= Jakob Bettelheim =

Jewish Austrian-German dramatist, writer, translator

Jacob Bettelheim, Jakob Bettelheim (pseudonym: Karl Tellheim; 24 (26) October 1841, Vienna - 13 July 1909, Berlin) was a Jewish Austrian-German dramatist, writer, translator.

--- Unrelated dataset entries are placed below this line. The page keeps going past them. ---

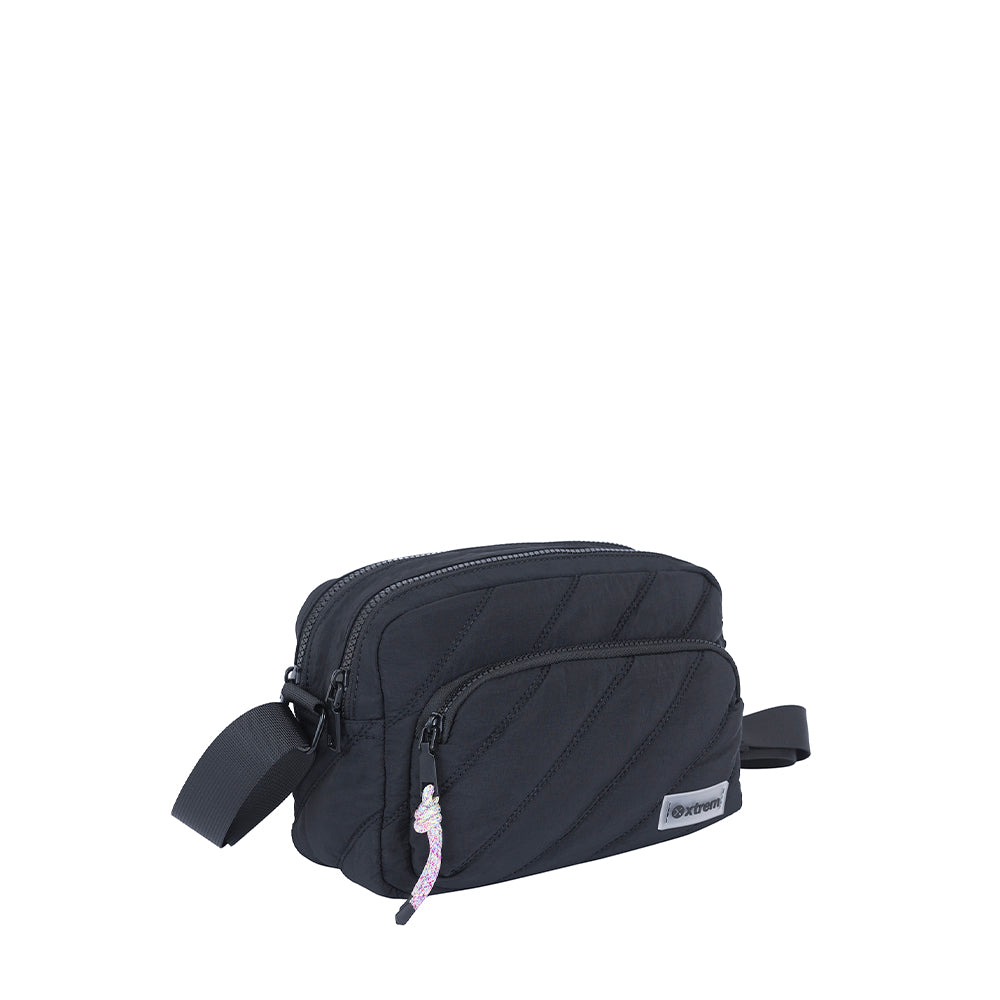 Cartera Sara 3XT Black M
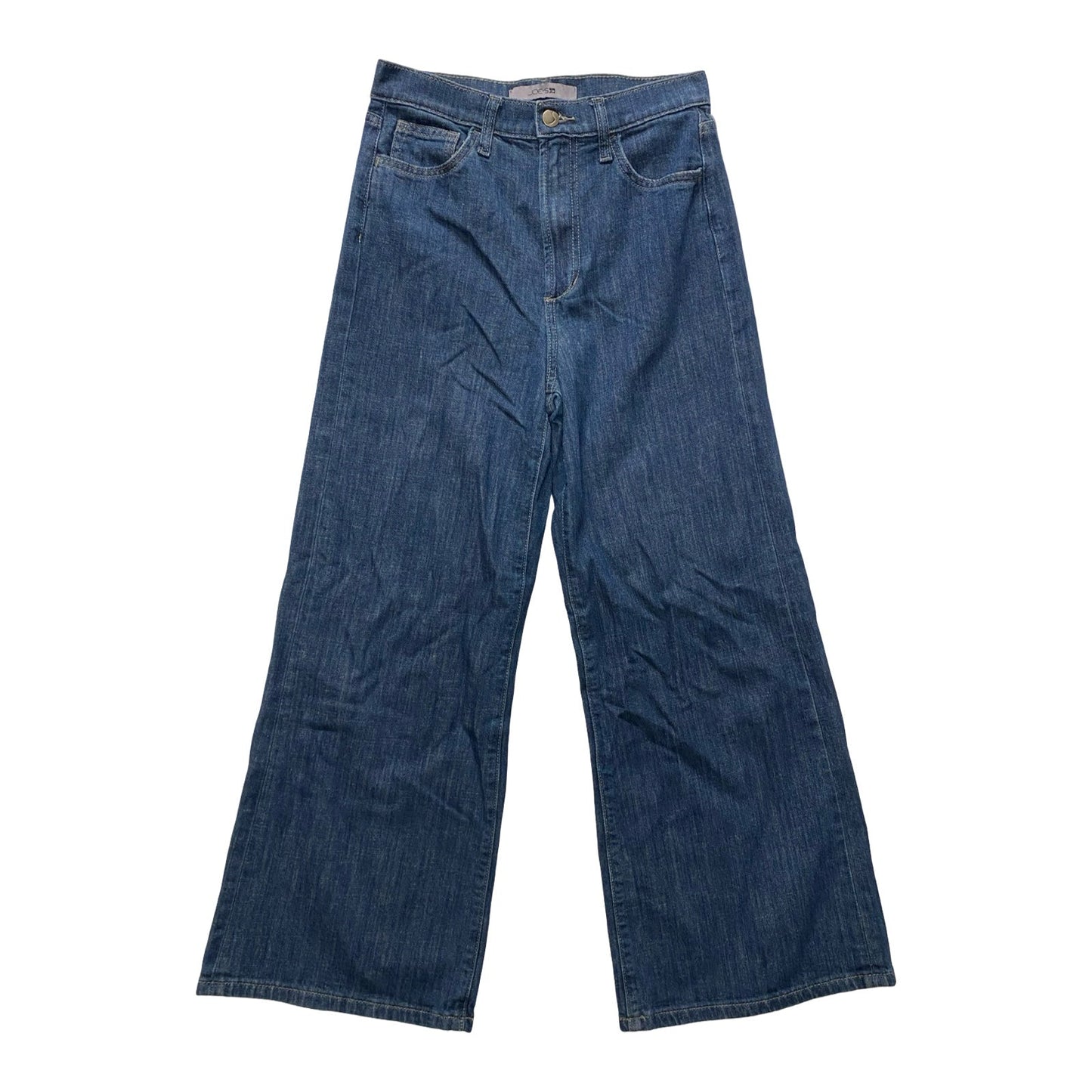 Jeans Wide Leg By Joes Jeans In Blue Denim, Size:2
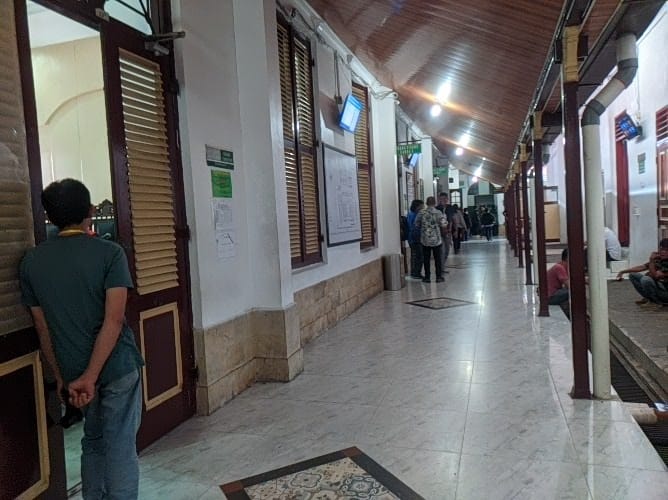 Suasana di PN Medan saat ini
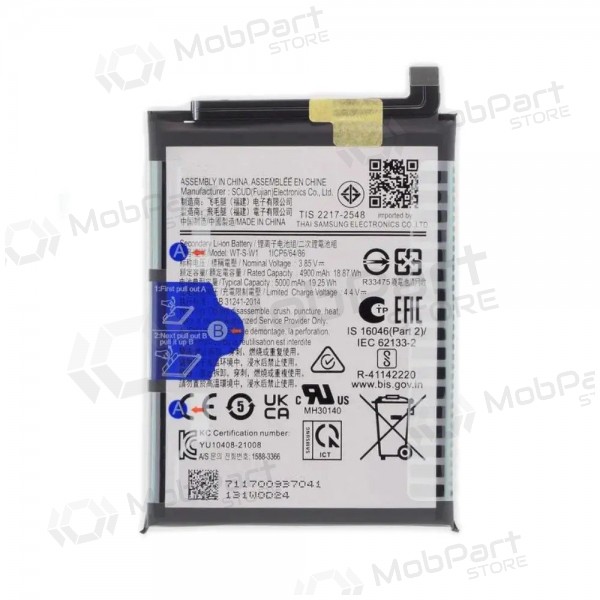 Samsung Galaxy A14 5G batterij, akumuliatorius (origineel)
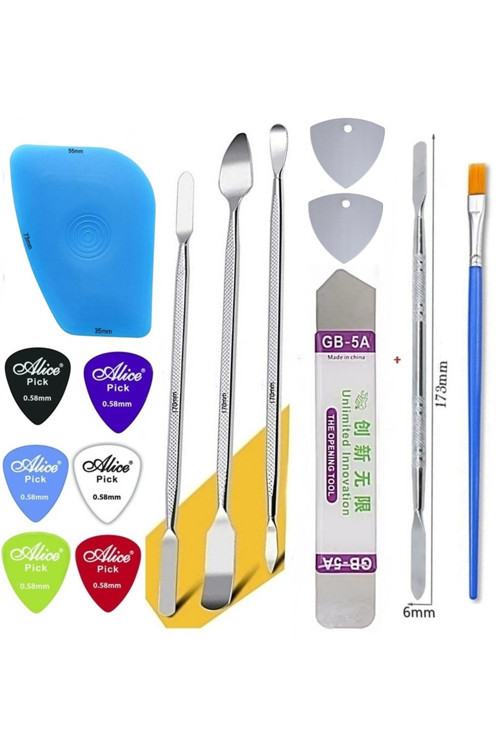 Plastik Ve Metal Sökme Spudger Gerçleri Lcd Ekran Pil Kasa Kapak Vs Sökme Açma Araçları08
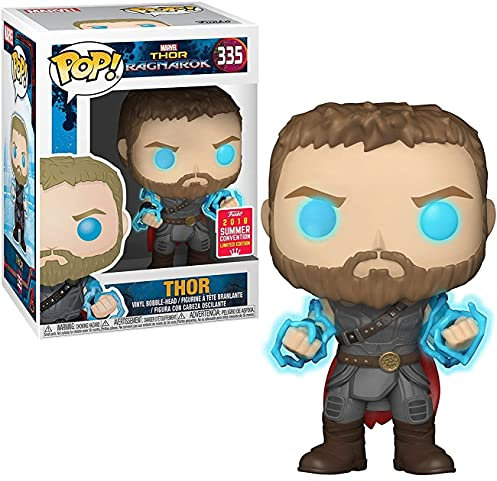 Funko Pop Marvel Ragnarok Thor with Odin Force Collectible Figure SDCC 2018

He attained considerable prominence by his first attempt in the field of literature, "Elena Taceano", a romance. This he followed with "Intime Geschichten" (novelettes) and a drama, "Nero," written in collaboration with Von Schönthan in 1889. After "Die Praktische Frau," a farce, came "Giftmischer" and "Vater Morin," two popular plays; 2 dramas, "Ehelüge" and "Sein Bester Freund"; "Madame Kukuk," a farce; "Syrenen," a popular play; "Seine Gewesene," farce; "Aus der Elite," farce, 1894; "Der Millionenbauer," drama, in collaboration with M. Kretzer; "Verklärung," drama, 1897; "Verklärung," farce, 1898; "Der Retter," comedy, 1898.

Among other works by Bettelheim may be mentioned: "Onkel Jonas," a popular drama, in collaboration with O. Klein, 1898; "Victorinen's Hochzeit" (translated from Georges Sand's play), 1879; "Marguerite" (from Sardou), 1886; "Der Erbe" (from De Maupassant), 1894; and "Im Verdacht" (from Labiche).